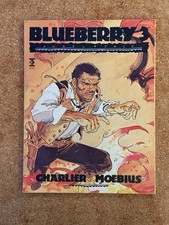 Blueberry #3 Angel Face TPB by Jean-Michel Charlier , Jean 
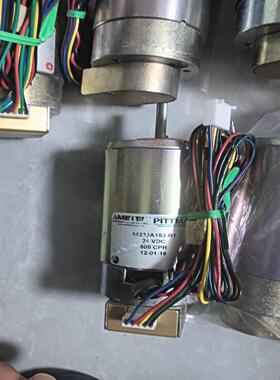 PITTMAN电机14533A153-R1（憨憨电子）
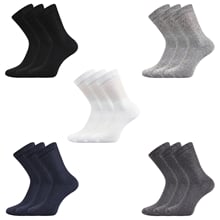 Froté ponožky 012-41-39 I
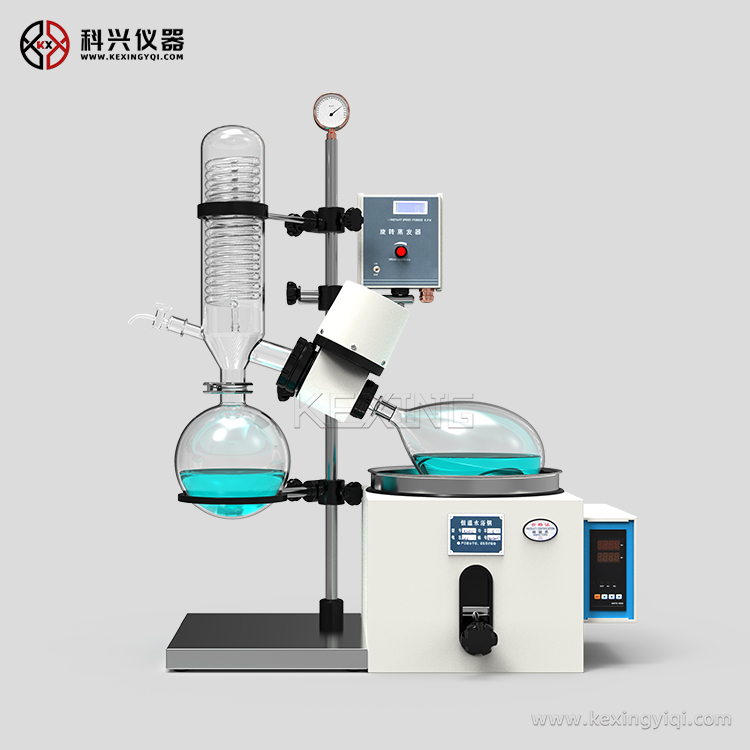 旋轉蒸發儀小型標準型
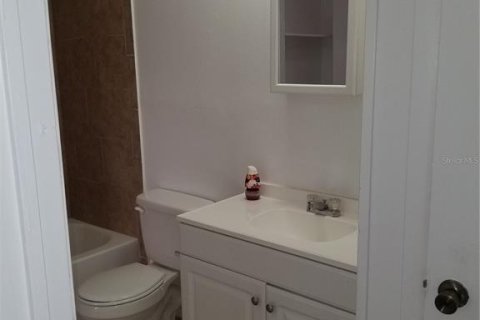 Apartment in Tampa, Florida 1 bedroom, 223.06 sq.m. № 1798515 - photo 5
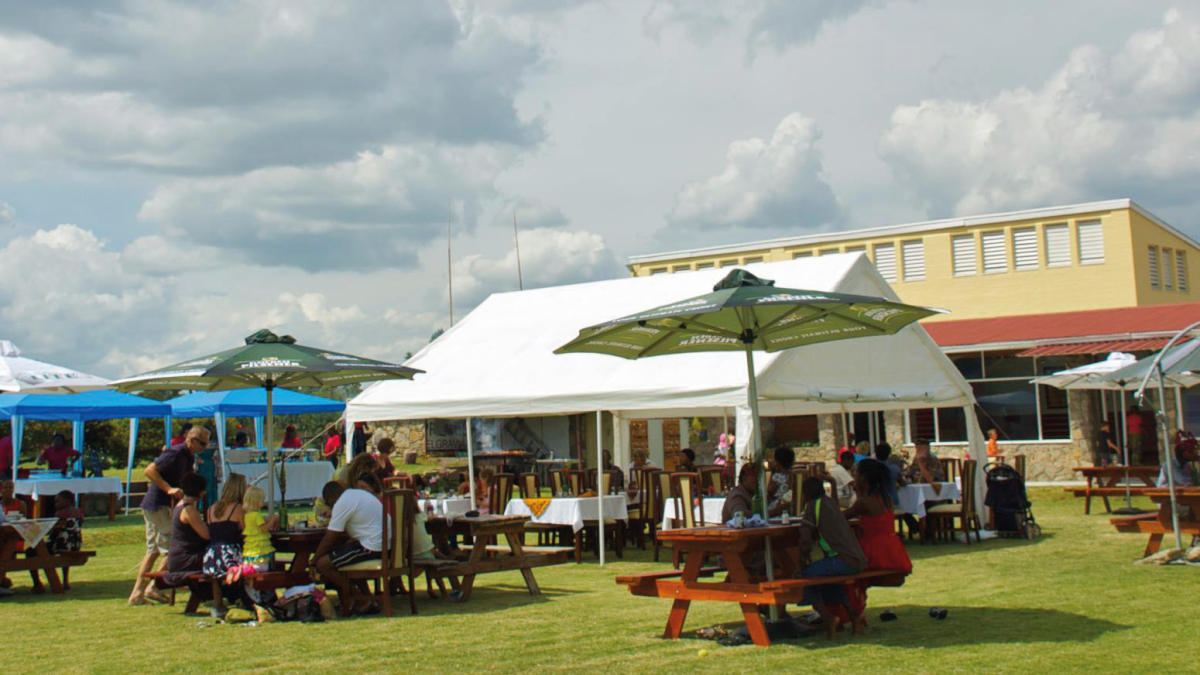 GAVA’S RESTAURANT – A GREAT AFRICAN FOOD RENDEZVOUS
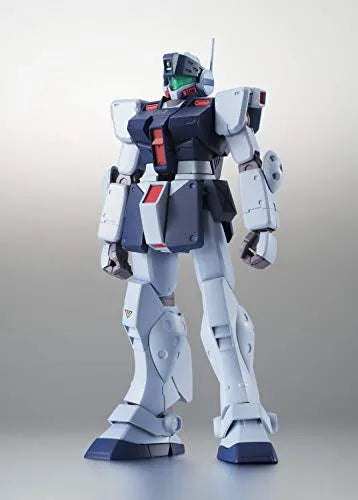 Kidou Senshi Gundam 0080 Pocket no Naka no Sensou - RGM-79SP GM Sniper II - Robot Damashii - Robot Damashii <Side MS> - ver. A.N.I.M.E. (Bandai)ㅤ – Bandai – ActionFigureBrasil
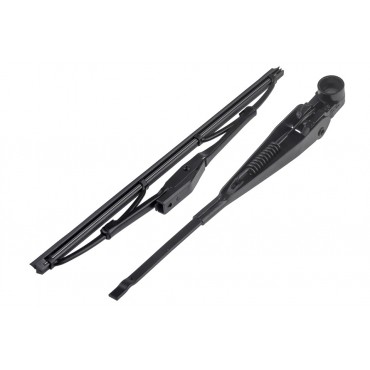 Bras d'Essuie Glace Arrière + Balai Pour Land Rover Evoque LR025121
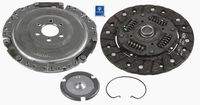 SACHS 3000843601 Kupplungssatz
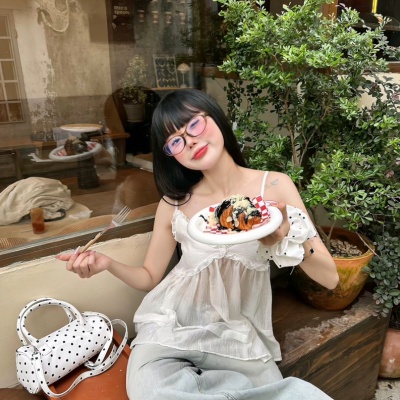 2026新款ins韩系时尚女头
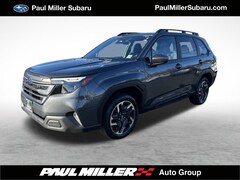 2025 Subaru Forester Hybrid Premium Hybrid SUV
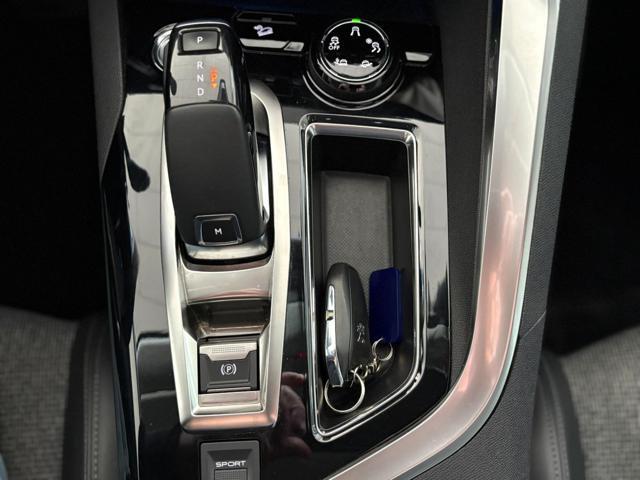 PEUGEOT 3008 BlueHDi 131CV S&S EAT8 Allure *UNIPROPRIETARIO*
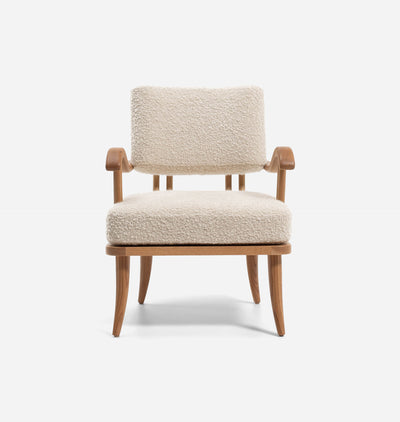 Tovey Lounge Chair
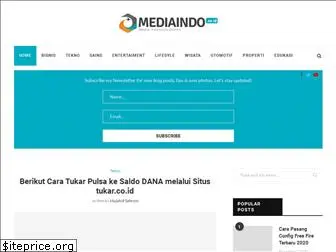 mediaindo.co.id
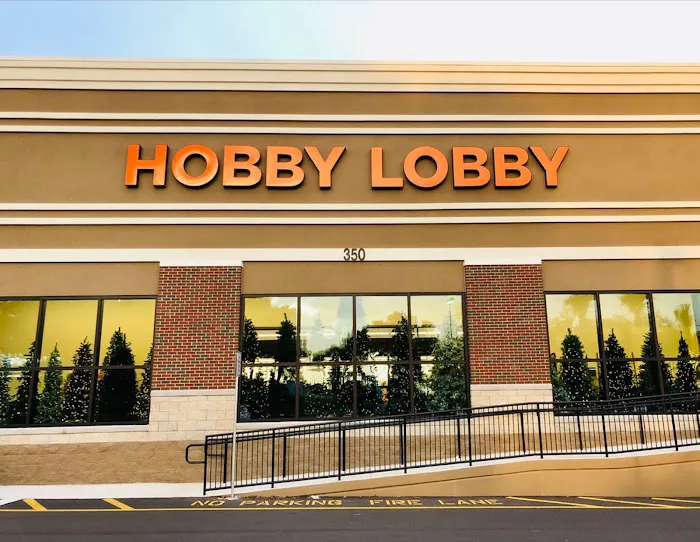 Hobby Lobby 2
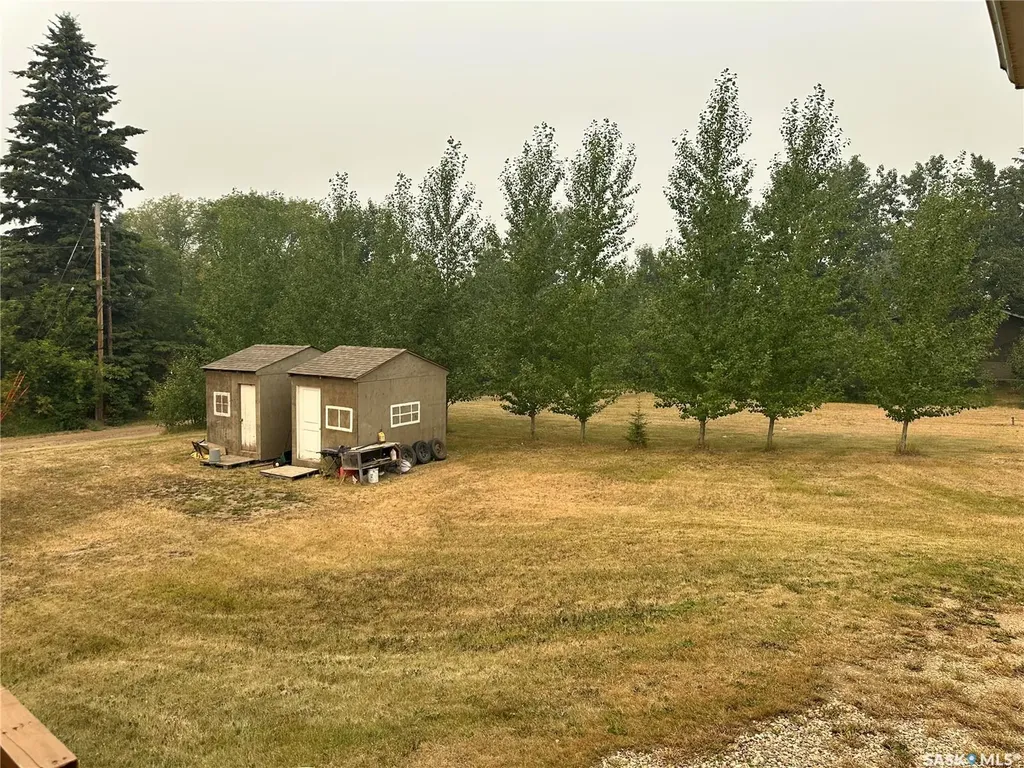 112 3rd Avenue S Big River SK S0J 0E0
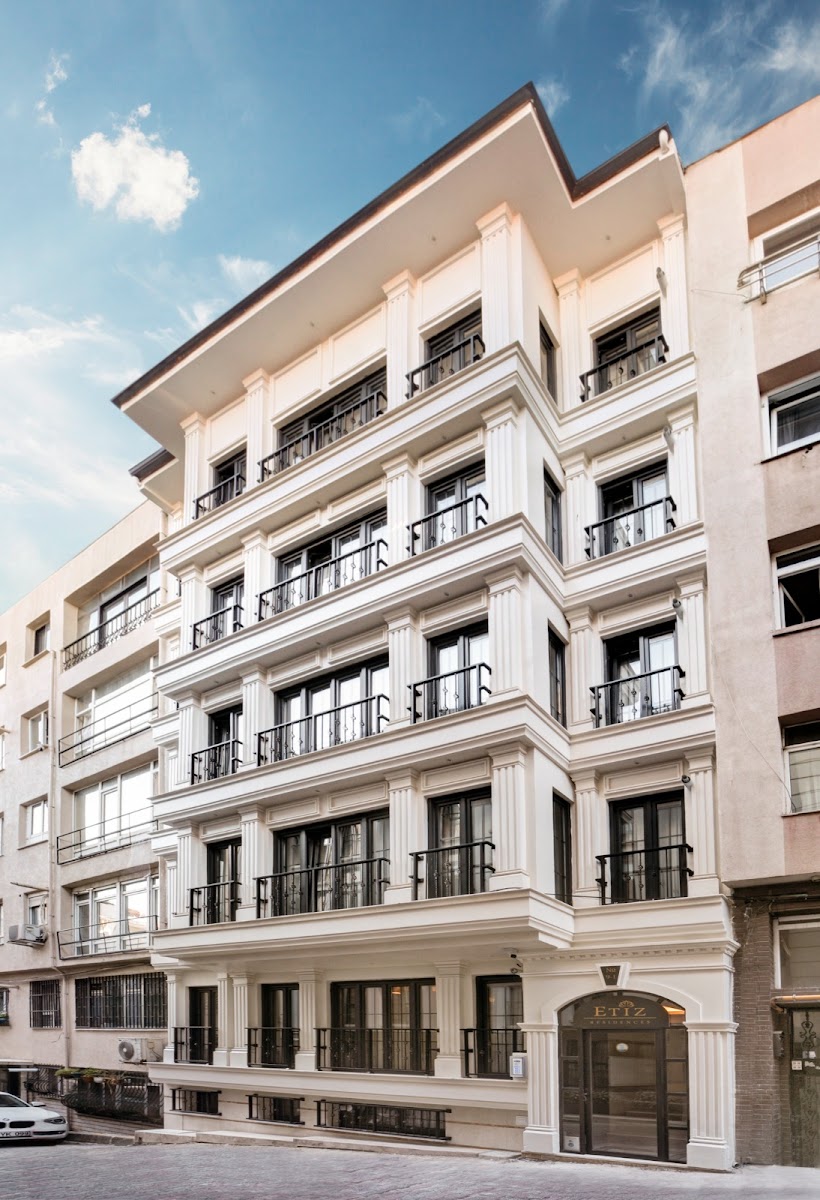 The Artisan Hotel Istanbul - MGallery Collection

════

Copy every line exactly, from the opening line of the entries down to the line holding "Tovey Lounge Chair", and keep the pictures out.

 Blueberry #3 Angel Face TPB by Jean-Michel Charlier , Jean 
 PITTMAN电机14533A153-R1（憨憨电子）
 Froté ponožky 012-41-39 I
 旋轉蒸發儀小型標準型
 Apartment in Tampa, Florida 1 bedroom, 223.06 sq.m. № 1798515 - photo 5
 GAVA’S RESTAURANT – A GREAT AFRICAN FOOD RENDEZVOUS
 Kidou Senshi Gundam 0080 Pocket no Naka no Sensou - RGM-79SP GM Sniper II - Robot Damashii - Robot Damashii <Side MS> - ver. A.N.I.M.E. (Bandai)ㅤ – Bandai – ActionFigureBrasil
 Bras d'Essuie Glace Arrière + Balai Pour Land Rover Evoque LR025121
 SACHS 3000843601 Kupplungssatz
 2026新款ins韩系时尚女头
 2025 Subaru Forester Hybrid Premium Hybrid SUV
 PEUGEOT 3008 BlueHDi 131CV S&S EAT8 Allure *UNIPROPRIETARIO*
 Tovey Lounge Chair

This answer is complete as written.